Scientists have successfully extracted and identified the genetic material of a cold virus from the lungs of a woman who died in London around 250 years ago, marking the oldest confirmed human RNA virus ever recovered. This discovery pushes the boundaries of ancient pathogen research, which previously struggled to preserve fragile RNA due to its rapid degradation after death.
The Challenge of Recovering Ancient RNA
While DNA can survive for tens of thousands of years under ideal conditions, RNA is notoriously unstable, typically breaking down within hours. However, researchers have recently made strides in recovering ancient RNA, even extracting it from a 40,000-year-old woolly mammoth.

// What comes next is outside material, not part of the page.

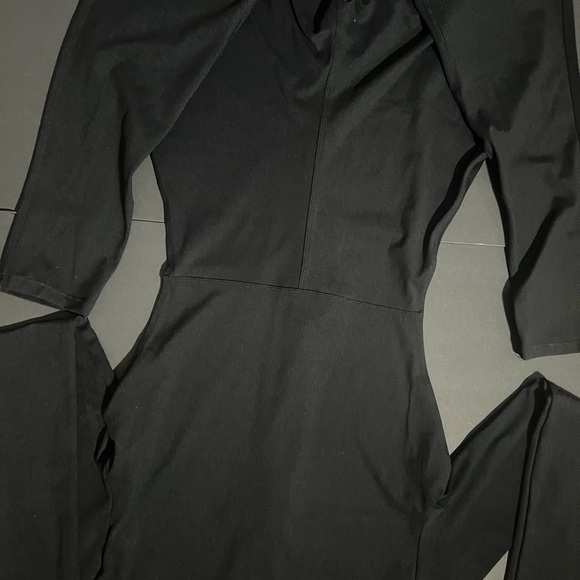 Black Zip Front Jumpsuit | Size M | Stretchy - Picture 5 of 7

The breakthrough came from examining pathology collections preserved in formalin, a chemical that slows RNA degradation.
A Lucky Find in Historical Archives
Erin Barnett and colleagues at the Fred Hutchinson Cancer Center sought out older specimens, finding viable samples in the Hunterian Anatomy Museum at the University of Glasgow. The lungs of two individuals—an 18th-century London woman and another from 1877—were preserved in alcohol, not formalin, yet contained enough intact RNA for analysis. Both individuals had documented respiratory illnesses.
Piecing Together the Viral Puzzle
The recovered RNA was severely fragmented, averaging only 20 to 30 nucleotides long (compared to the 1000+ found in living cells). Researchers painstakingly reconstructed the entire genome of a rhinovirus from the 1770s woman’s lungs.
The woman was also infected with bacterial pathogens like Streptococcus pneumoniae.
Connecting Past and Present Viruses
Comparing the ancient viral genome to modern rhinovirus databases revealed that it belongs to the human rhinovirus A group, specifically an extinct lineage closely related to the A19 genotype. Researchers estimate that the historical virus shared a common ancestor with modern A19 in the 1600s.
Implications for Future Research
This discovery demonstrates that RNA can be recovered from historical wet collections, opening new avenues for studying past diseases and viral evolution. The ability to analyze viruses over centuries will yield crucial insights into how they adapt and spread.
It also serves as a reminder that even the most forgotten individuals can contribute to scientific understanding.
“This is the first phase in what will become an explosion in the study of RNA viruses,” says Love Dalén of Stockholm University, highlighting the potential for future discoveries.